From flipping through the various paintings, drawings, sculptures and other African artistic works in this book, one is bound to ponder how the degree of breath that has gone into covering the continent as culture diverse as Africa. Writes the author, "While colonialism and post-colonial state-building have attempted to weave eight hundred or more language groups into fifty-plus national identities, there is still a major problem in trying to write about the art in the second half of the twentieth century in so broad region." For this reason, recent studies have tried to deal with this problem. Some have focused on seven or eight best-known workshops or by dividing Africa’s recent art forms into categories based mainly on patrons for the African art is made rather than on history or geography.

Also, recently others have selected 60 African artists from all over the continent and divided them into 3 groups: "Territory," "Frontier," and "World," according to the artist’s scope of vision. But, yet still, others rejected any categorization all together. However, despite the good intensions of all these patrons, they are all non-Africans attempting to categorize African art. The reason is that most African artist depends on foreign or local European patronage.

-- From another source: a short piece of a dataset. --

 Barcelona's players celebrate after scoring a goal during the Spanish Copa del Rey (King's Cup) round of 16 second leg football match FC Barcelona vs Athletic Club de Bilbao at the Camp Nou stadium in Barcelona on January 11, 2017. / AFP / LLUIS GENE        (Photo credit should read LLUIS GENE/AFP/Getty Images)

Kasfir grapples whether African art is post-modern as it is post-colonial. He comes out that, "it is neither postcolonial nor postmodern." Is there new art map of Africa? Kasfir says yes! This is despite the demonstration that while the sculpture-producing regions of West and Central Africa continue to copy or revise older forms, new African art forms have sprang from elsewhere. Still, while the old types came from social order of kingship-centred based on traditional patterns of authority, the new ones occur in urban contexts, fuelled by emerging class structure.

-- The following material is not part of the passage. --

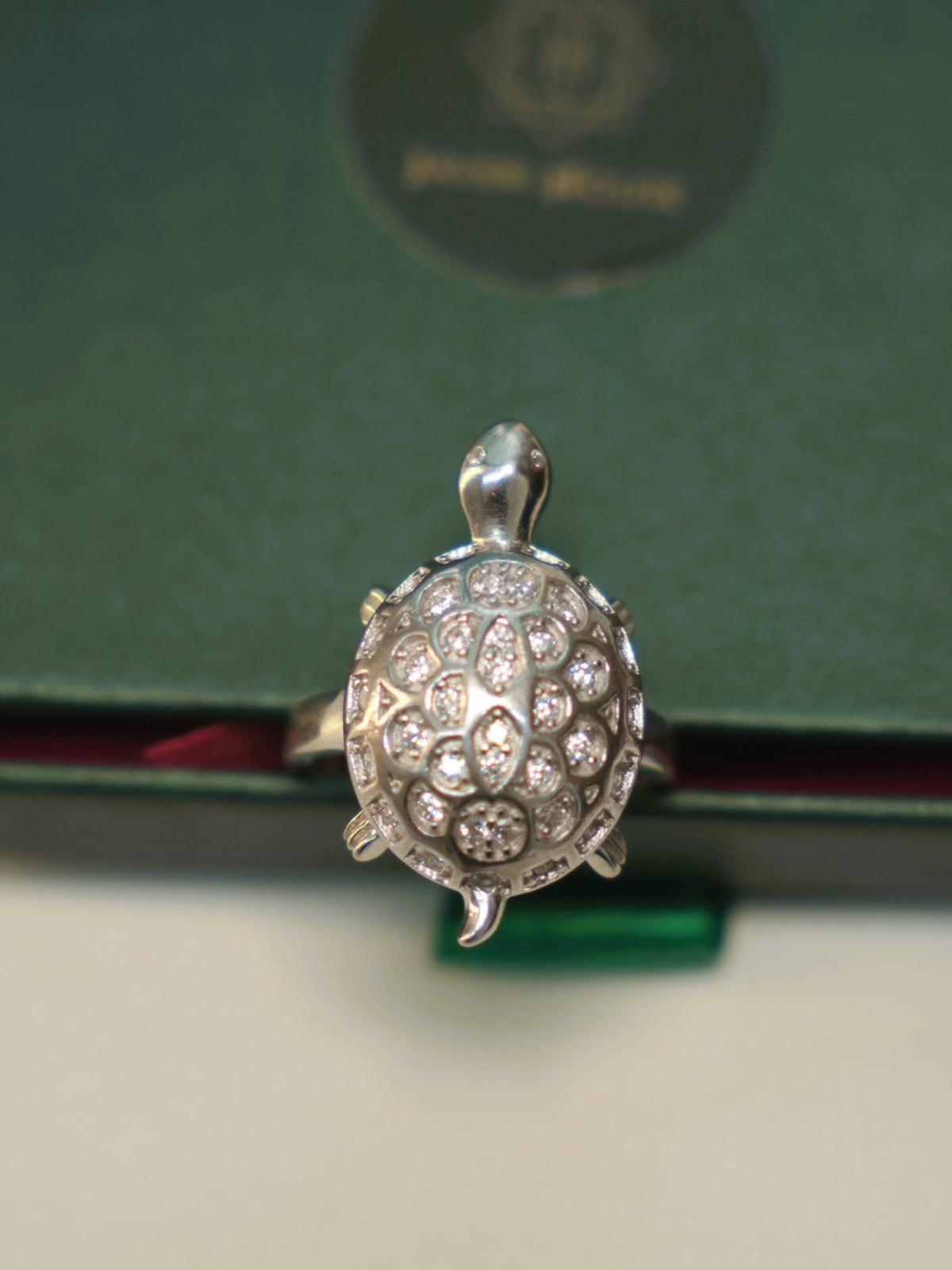 Top view of the tortoise ring, showing the pave set cells of the shell.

The new African art forms are being produced in two categories—cities and several regions in Africa, which have not being major sites of pre-colonial image-making. Zimbabwe, Senegal, South Africa, Kenya and Uganda are major locales for the production of new forms. On the other hand, Mali, Nigeria, Sierra Leone, Cote d’Ivoire and the Congo continue to produce traditional sculpture—mask and figures—some for local use and world market. The later countries, too, produce new art but within the hybrid of the older forms. Examples are: John Goba’s (b. 1944) well-known Ode-lay masks paint-store pigments and porcupine quills—used by the Ode-lay society, in masquerades in the 1970s in urban Freetown—to the sophisticated reworking of adinkra (hand-stamped Akan funeral cloth) and kente (strip-woven Akan royal cloth) designs in the relief pieces of Ghanaian sculpture, El Anatsui.

Readers will read about such giant African artists like Mali’s Seydou Keita, Ghana’s El Anatsui, the Democratic Republic of the Congo’s Tshibumba Kanda-Matulu, Sierra Leone’s John Goba, and many more. The book reveals that one of the reason why Africa is still on course, despite the wailing and mayhem, is most of these artists as well as the unknown ones, are unrecognized therapists of Africa: helping to sooth the much troubled African soul. This is a must read and a textbook for African schools, more in the era of the African Renaissance process, which attempts to revive the Africa culture as the key to the continent’s reconstruction.